Actual decisions, real outcomes

Specific decisions narrated in the episode with their outcomes and transferable lessons.

AppLovin stock had crashed 92% from $115 to $9 (~$3.8B market cap) while EBITDA had grown from $700M (2021) to $1B+ (2022). FCF/market-cap yield inverted to ~20%+. Investors and observers said the business was broken; the founder''s read was that the price was broken.
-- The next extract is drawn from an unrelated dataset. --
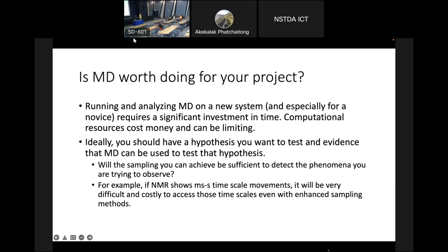In our lab we use simulations to develop hypotheses we didn't test experimentally, and we use experiments to develop hypotheses we test using simulations. But really the base of everything we do in simulations is experimental work — we see a difference in an experiment and ask why it's happening, and if it seems likely we can access the necessary time scales using MD, then we'll do MD.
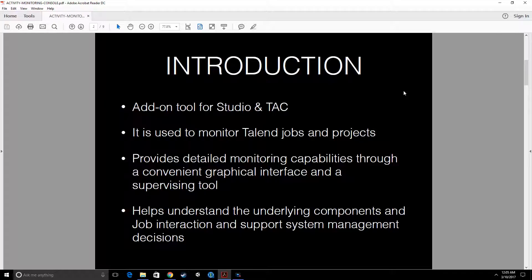You can ask: I can already monitor my Talend jobs on Talend Studio when I run a job. You can definitely do that, but it won't show you how long a particular component took to run, which component is taking too much time, or how much data a certain component processed. That's why we have AMC. We generate logs for a particular job or a bunch of jobs, feed those logs to AMC, and then see all this activity in AMC with nice graphs.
Did: Deployed ~$6B over 18 months on negotiated buybacks targeted at known structural sellers (PE funds nearing fund-life end, departed founders holding ~50% of cap table). Levered the company against forward EBITDA to maximize deployment. Avoided open-market signaling.Outcome: Retired ~50% of shares; the buyback generated ~$50-60B of proceeds value as the stock subsequently rerated from $3.8B floor to a peak of $250B+ market cap. One of the most successful buybacks in public-company history.

When FCF/market-cap inverts above any reinvestment return and you have conviction, the only economically coherent move is aggressive negotiated buybacks against known sellers — not open-market, not waiting.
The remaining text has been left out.